May gaat door de knieën, omdat ze pas kan doorstoten naar de volgende ronde als de 27 andere regeringsleiders over twee weken constateren dat er genoeg zicht is op een regeling van de geldkwestie, de rechten van EU-burgers, de rol van het Europese Hof en de Ierse grens. De diepe buiging weerspiegelt de onevenwichtige verhoudingen. Net als bij de toetreding van nieuwe lidstaten kan de EU niet verliezen, althans niet meer dan de Britten.
Hoe hoog of laag aspirant-leden ook springen, telkens wijzen de EU-onderhandelaars op een dik boekwerk, waar Acquis op staat. Het bevat alle EU-wetgeving en jurisprudentie van het Hof, onderverdeeld in 31 hoofdstukken. Wie erbij wil horen, moet het regel voor regel slikken. Wie eruit wil, moet afpellen. En voor elke activiteit waar de Britten nog op willen intekenen, moeten ze niet alleen het EU-kader dulden, maar ook cash afrekenen.
Alleen over overgangstermijnen en buitenissige gebiedsdelen valt altijd te praten. Zo bleven de Kanaaleilanden en Man bij de Britse toetreding in 1973 grotendeels buiten het verdrag. Een dergelijke constructie, maar dan omgekeerd, is misschien ook nodig om het netelige dilemma rond Noord-Ierland uit de weg te ruimen.
Niemand wil weer een fysieke grens, maar die is onontkoombaar zolang de Britten volhouden dat ze de interne markt en de douane-unie inruilen voor de vrijheid om handelsakkoorden te sluiten met bijvoorbeeld de VS. De angel kan pas uit de Ierse kwestie worden gehaald, als Londen inziet dat er minder muziek zit in dat vrijgezellenbestaan dan voor de brexit is beloofd. Barniers provocaties dienen om dat besef te doen rijpen.

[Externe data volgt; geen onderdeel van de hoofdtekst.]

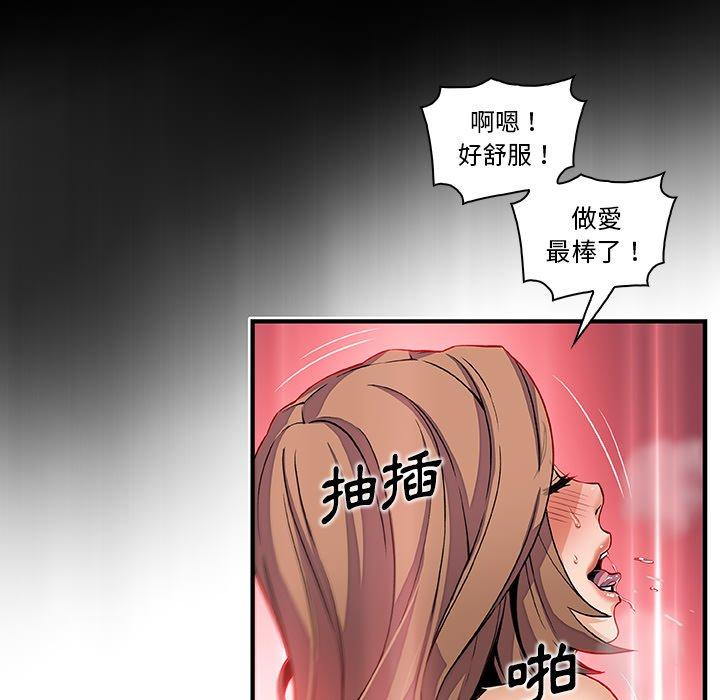 《你与我的小秘密》漫画最新章节你与我的小秘密-第 41 话免费下拉式在线观看章节第【12】张图片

Maar voor die omslag - zo die er ooit komt - is het nog zeker een paar maanden te vroeg, terwijl dit voor de Ieren wel het moment is om hun veto te gebruiken. Er is dus ook een tactisch dilemma. Het wachten is nog op een formule die Dublin enige zekerheid biedt over eensluidende regelgeving op het hele eiland, maar May toch in staat stelt haar koninkrijk verenigd te houden.